The Fraud Triangle – An Understanding from a P&C Insurance Fraud Perspective

Jul 25, 2019

Jim Murphy, M.S., CFE

Triangle black and white image
Triangle black and white image
Triangle black and white image

I learned about the fraud triangle many years ago while studying for my ACFE exam. The fraud triangle was created by Criminologist Donald Cressey in the 1950s to explain a person’s motivation to commit fraud. His hypothesis was based on interviews with prison inmates. Cressey theorized that you need three elements to be able to commit fraud:

  • Rationalization – the individual’s mindset and determination/justification that it’s okay to commit fraud or crime. “I’ve been paying my premium for decades… it’s my turn to cash in.”

  • Pressure – the motivation or reason to commit fraud. Examples include financial distress, drug or gambling addiction, or the desire to maintain a lavish lifestyle.

  • Opportunity – the ability to commit fraud. The lack of business control gives fraudsters the opportunity to commit a crime.

The fraud triangle image

Types of Insurance Fraud

To commit fraud, Cressey’s underlying factor is that you need all three elements (rationalization, pressure, and opportunity). This theory applies to both opportunistic and organized fraud.
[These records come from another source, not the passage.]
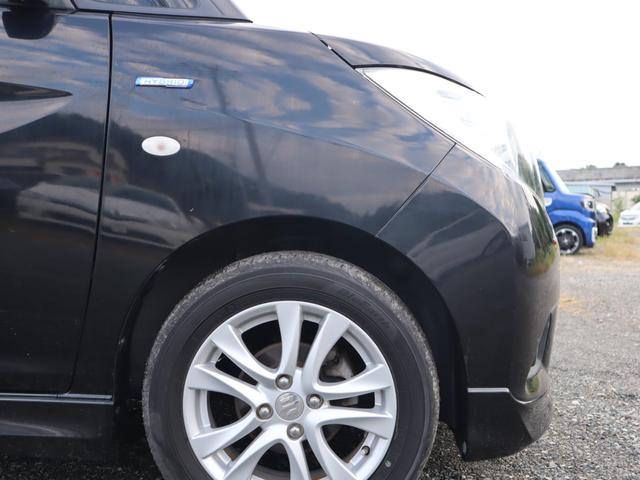 ソリオ ハイブリッドＭＸ　全周囲カメラ　ナビ　両側スライド・片側電動　スマートキー　アイドリングストップ　電動格納ミラー　シートヒーター　ＣＶＴ　アルミホイール　ＣＤ　Ｂｌｕｅｔｏｏｔｈ　盗難防止システム　衝突安全ボディ（38枚目）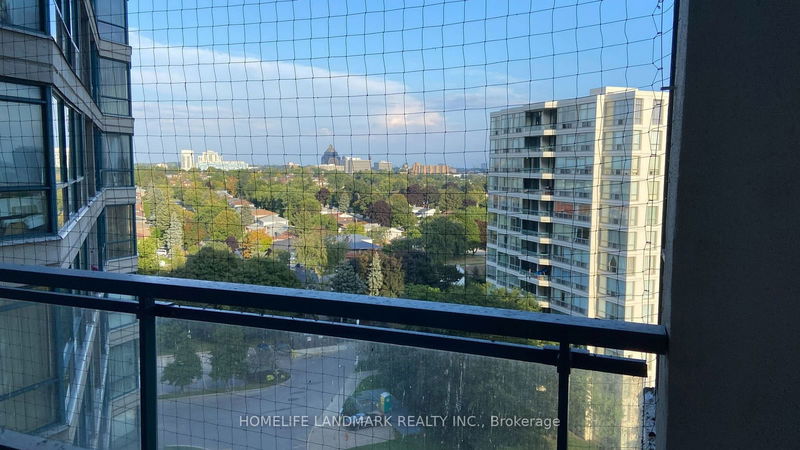 4725 Sheppard Ave E, unit 1217 for sale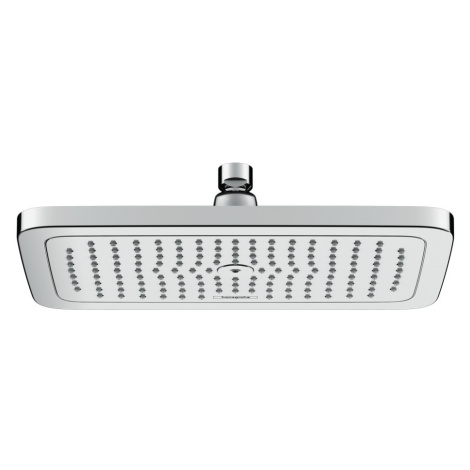 Hansgrohe Croma E, hlavová sprcha 280 1jet, chrómová, HAN-26257000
Opportunistic fraud, sometimes called soft fraud, occurs when a person exaggerates an otherwise legitimate claim or purposefully gives misinformation when applying for an insurance policy. Common examples include exaggerating injuries in an auto claim or inflating the value of items stolen during a home burglary. A research paper by the Association of British Insurers discovered that opportunistic fraud happens most often when a fraudster thinks he/she is doing nothing wrong or believes they will be successful in their scam.

Organized fraud, or hard fraud, is deliberate and takes planning often elaborate schemes among a group of people – sometimes including employees of an insurance company. Intentionally causing car accidents or submitting medical claims for services that were not needed or rendered are examples of everyday organized fraud that often go unnoticed and unpunished.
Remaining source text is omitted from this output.